Oktay Çelik: Bu soruyu cevaplamak için biraz geriye, 2008 yılına gitmemiz doğru olur. Hatırlayalım; 2008 dünya ekonomik krizi mali piyasaları çökertti. Batmasına müsaade edilemeyecek denli büyük denen yüzyıllık kapitalist şirketler darmaduman oldu. Bütün piyasa balonları patladı. Şirketler iflas etti. Sistem işlemez hale geldi. Sonuç: Küresel düzeyde işsizler ordusuna 20 milyon emekçi daha eklendi. Her zaman olduğu gibi burjuva hükümetler; sorunu, faturayı işçi sınıfına ve topluma ödeterek aşma yoluna gitti. Krizin ilk etkisiyle 20 milyon insan işsiz kalmışken çözüm diye sunulan reçeteler işsizler ordusuna 50 milyon insanın daha eklenmesine yol açtı. İşsiz sayısı 200 milyonu aştı. Mali kriz küresel düzeyde işçi sınıfı ve toplum üzerinde derin bir ekonomik ve sosyal yıkıma dönüştü. İşten çıkarma, düşük ücret, güvencesiz ve esnek çalıştırma, sosyal hak kayıpları genelleşerek derinleşti. Ve hızla siyasal bir kriz hüviyetine büründü.

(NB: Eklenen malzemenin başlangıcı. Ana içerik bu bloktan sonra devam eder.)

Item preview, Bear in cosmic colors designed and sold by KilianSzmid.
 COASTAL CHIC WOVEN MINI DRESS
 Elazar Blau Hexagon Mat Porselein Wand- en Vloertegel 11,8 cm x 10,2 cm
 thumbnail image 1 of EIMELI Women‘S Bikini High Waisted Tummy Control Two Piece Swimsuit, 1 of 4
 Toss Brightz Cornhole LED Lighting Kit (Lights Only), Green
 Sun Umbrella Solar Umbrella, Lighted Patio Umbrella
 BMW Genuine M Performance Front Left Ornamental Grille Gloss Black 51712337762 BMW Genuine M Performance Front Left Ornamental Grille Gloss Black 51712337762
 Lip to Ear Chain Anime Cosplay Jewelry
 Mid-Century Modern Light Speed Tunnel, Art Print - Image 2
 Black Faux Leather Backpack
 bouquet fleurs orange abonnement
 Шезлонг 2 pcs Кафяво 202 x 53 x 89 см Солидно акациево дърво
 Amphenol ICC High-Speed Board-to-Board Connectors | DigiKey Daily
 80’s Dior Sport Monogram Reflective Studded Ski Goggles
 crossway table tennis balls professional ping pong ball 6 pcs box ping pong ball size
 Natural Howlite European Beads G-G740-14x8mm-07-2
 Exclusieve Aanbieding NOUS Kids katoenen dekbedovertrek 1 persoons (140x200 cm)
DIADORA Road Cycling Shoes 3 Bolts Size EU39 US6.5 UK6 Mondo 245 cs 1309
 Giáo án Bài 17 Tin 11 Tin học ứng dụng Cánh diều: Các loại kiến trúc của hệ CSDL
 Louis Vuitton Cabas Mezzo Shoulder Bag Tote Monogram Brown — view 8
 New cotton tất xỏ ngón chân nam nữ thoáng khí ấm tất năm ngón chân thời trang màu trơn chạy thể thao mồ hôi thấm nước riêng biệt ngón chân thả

Türkiye de 2008 dünya ekonomik krizini derin şekilde yaşadı. “Teğet geçecek” denilen kriz Türkiye ekonomisinin bir dönem yüzde 14’ün üzerinde daralmasına, işsizliğin resmi rakamlara göre dahi yüzde 14’ün üzerine çıkmasına yol açtı. 2008 krizinin en önemli kalıcı sonucu işçi sınıfı ve toplumların gelir ve hayat standardında artan bir gerileme; ekonomik ve sosyal yıkım; hak ve özgürlüklerin sistematik olarak aşınmasına yol açan siyasi demokrasi kaybı oldu.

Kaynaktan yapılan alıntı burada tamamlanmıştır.